Son implication musclée dans des transactions commerciales à Caracas a eu des répercussions au sein du département d'État et auprès de certains investisseurs, ont indiqué de multiples sources à Reuters.

Parmi ceux qui s'inquiétaient de l'influence de Claver-Carone figurait Richard Grenell, partisan de Trump, ancien ambassadeur et ancien envoyé spécial au Venezuela, qui a parlé à Trump de l'influence de Claver-Carone dans les transactions commerciales à Caracas début juillet, selon plusieurs sources proches du dossier.

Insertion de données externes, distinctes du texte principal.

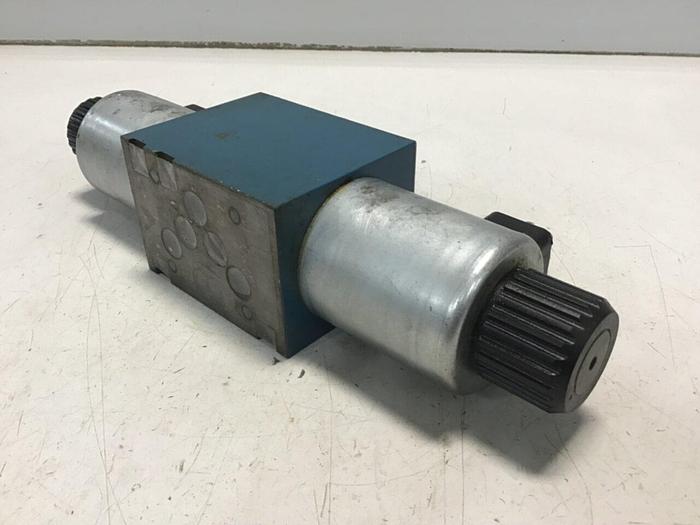 Used BOSCH Valve 0 810 001 700 #136681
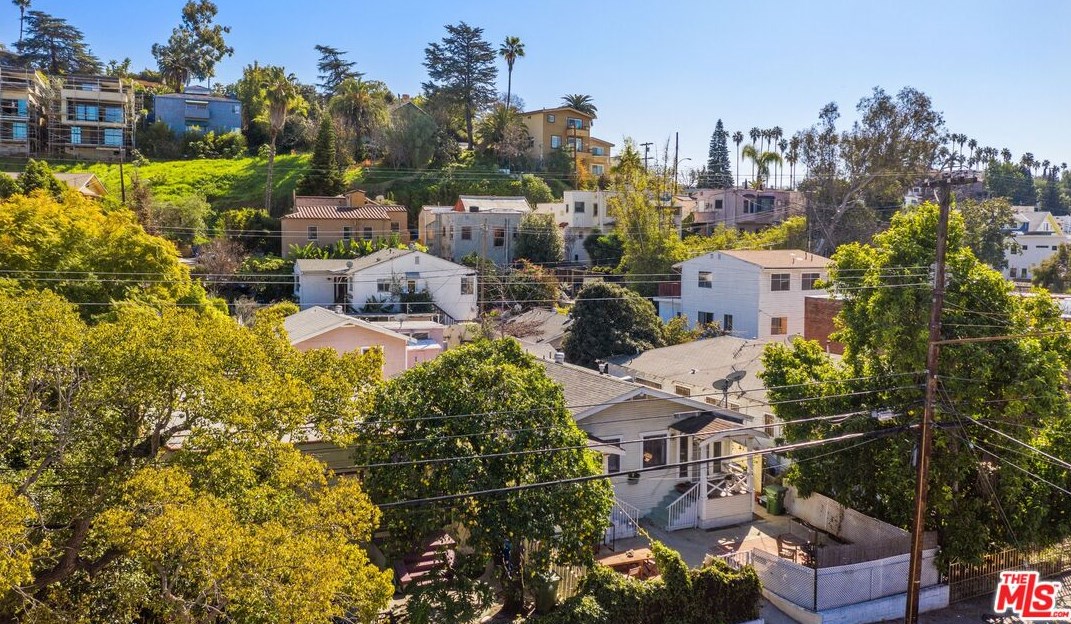 1556 Morton Ave, Los Angeles CA  90026-2676 exterior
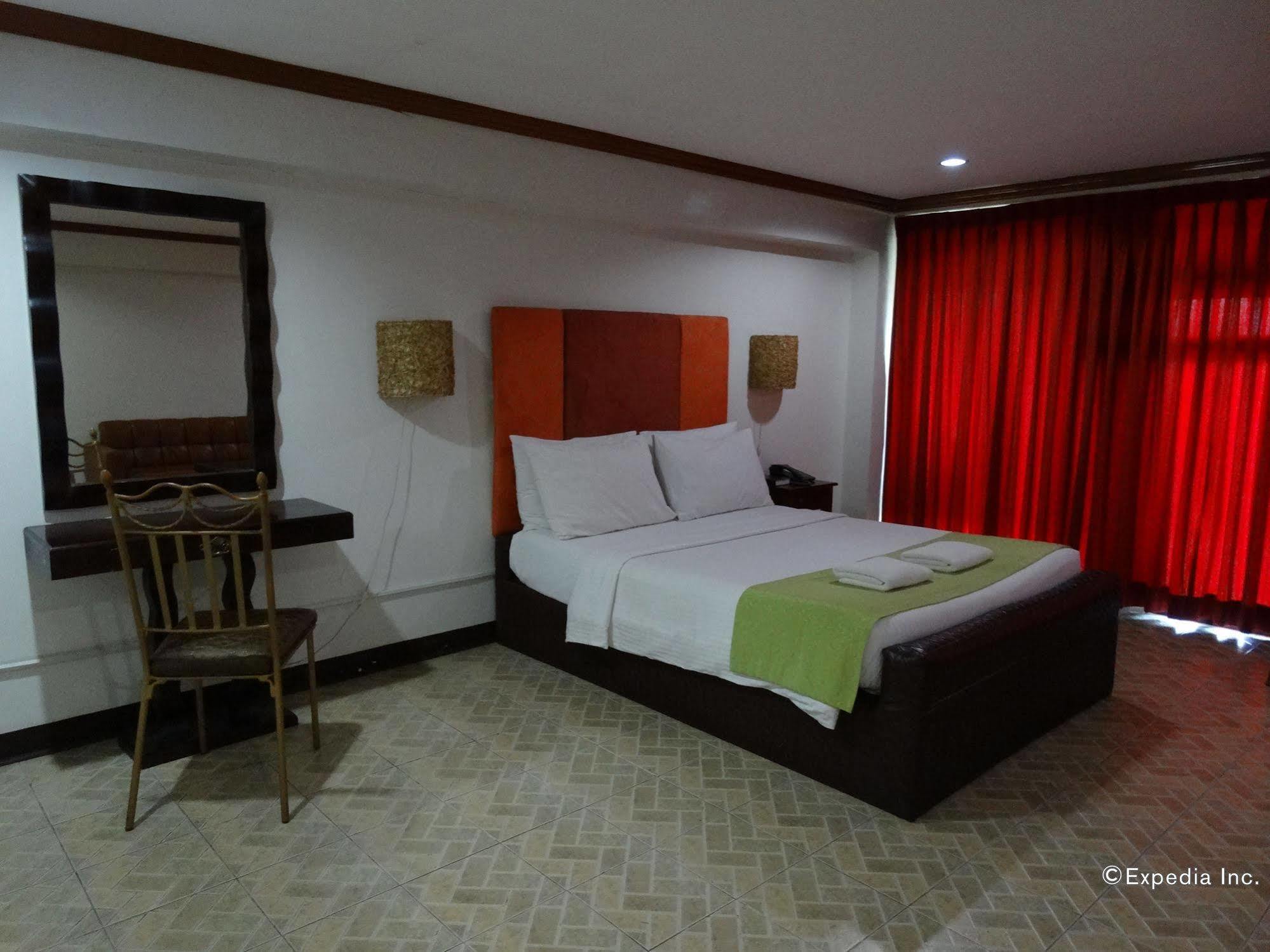 Ecoland Suites & Inn Davao Екстер'єр фото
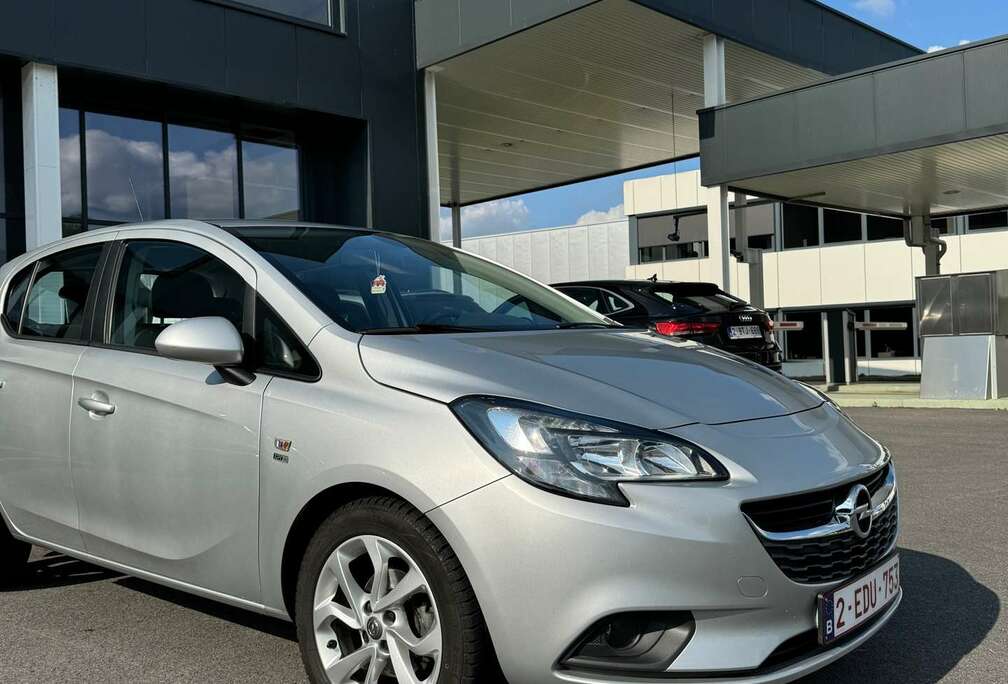 Opel 1.4i 120 Years  CarPlay & in Perfect Condition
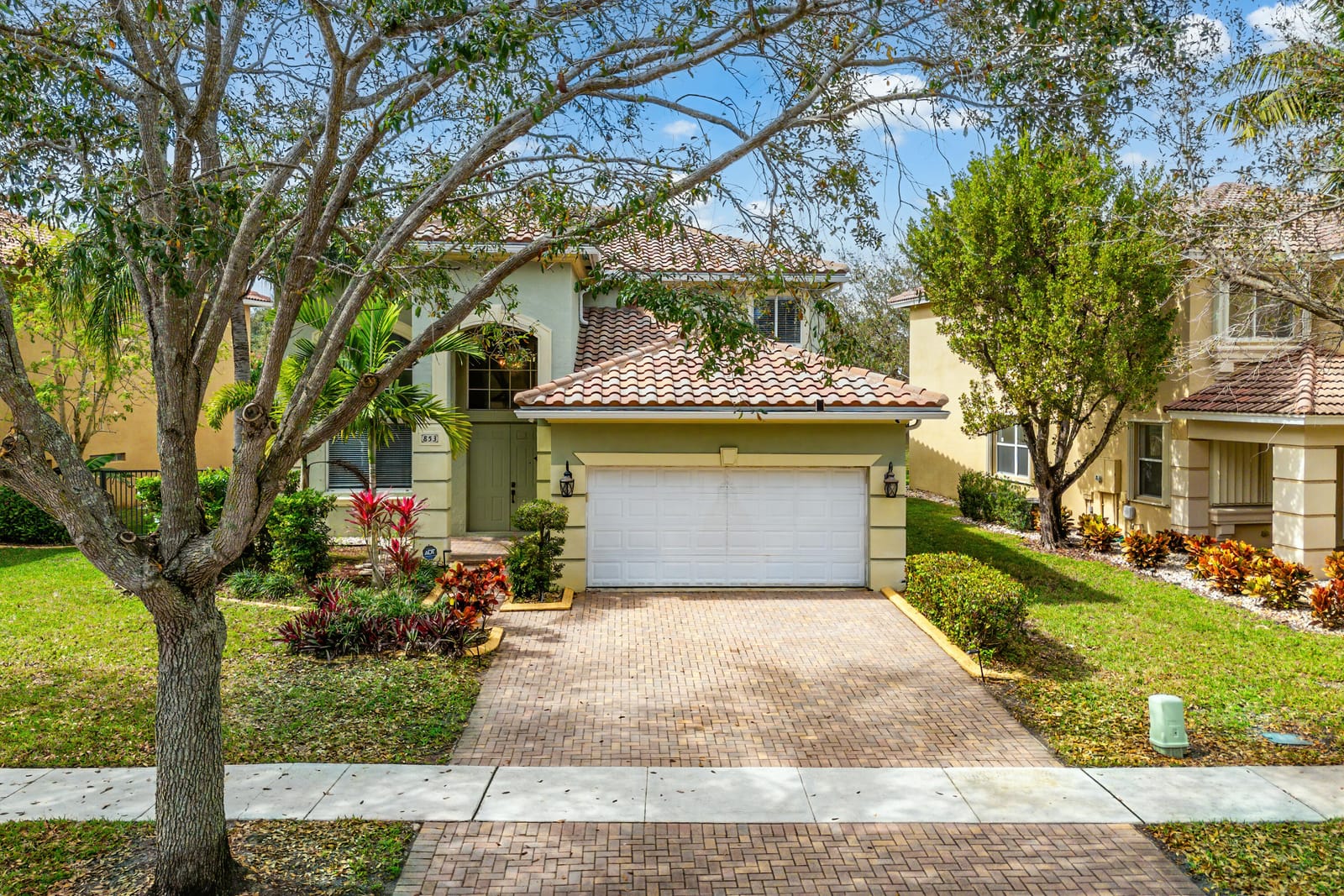 853 Gazetta Way, West Palm Beach, FL 33413 photo 2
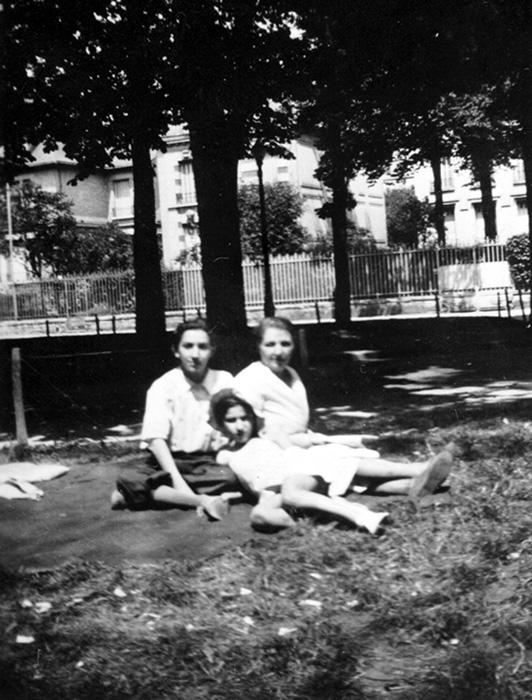 Rivka Gryn, son fils Tony et sa fille Alice. Rivka a été assassinée à Auschwitz. Tony et Alice ont survécu.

Grenell n'a pas répondu aux demandes de commentaires. Un responsable de l'administration a nié que Claver-Carone avait « des plumes ébouriffées à la Maison Blanche ».

Certains alliés de Trump et des personnes proches de la situation ont fait valoir en privé que Claver-Carone était trop proche de certains opérateurs politiques vénézuéliens.

L'un d'entre eux était Alejandro Betancourt, l'un des hommes d'affaires les plus connus du Venezuela, qui a amassé une fortune grâce à des contrats liés aux secteurs pétrolier et électrique du Venezuela sous le règne du défunt président vénézuélien Hugo Chavez, tout en faisant face à des années de surveillance et d'enquêtes liées à la corruption et au blanchiment d'argent dans diverses juridictions, y compris aux États-Unis, ce qu'il a nié.

Claver-Carone a reconnu que lui-même et d'autres membres du gouvernement américain avaient utilisé Betancourt comme intermédiaire avec le gouvernement de Rodriguez, soulignant que l'homme d'affaires avait été utile car il comprenait le secteur pétrolier dans les deux pays et pouvait combler le fossé entre les parties.

Ni Betancourt ni son avocat n'ont répondu aux demandes de commentaires. Le département d'État n'a pas abordé directement la relation entre Claver-Carone et l'homme d'affaires.

Claver-Carone, un Cubano-Américain du sud de la Floride qui s'est toujours opposé au gouvernement communiste de La Havane et allié de longue date de Rubio, a été président de la Banque interaméricaine de développement dans la première administration Trump avant d'être évincé pour inconduite.

Dans la première administration Trump, il a été l'un des architectes de la politique américaine à l'égard du Venezuela, notamment en préconisant des sanctions contre le pays en 2019, tout en contribuant à l'annulation du rapprochement avec Cuba orchestré par le prédécesseur de Trump, Barack Obama. Il a brièvement été envoyé spécial pour l'Amérique latine dans la deuxième administration de Trump avant d'ouvrir son propre fonds de capital-investissement.

Il reste à voir dans quelle mesure ce remaniement entraînera un changement radical dans la façon dont les États-Unis gèrent leurs affaires au Venezuela.

Caleb Orr, le secrétaire d'État adjoint à l'Économie, à l'Énergie et aux Affaires commerciales, qui, selon sept sources, a travaillé en étroite collaboration avec Claver-Carone, restera l'un des principaux décideurs de l'équipe, selon un graphique interne du département d'État consulté par Reuters.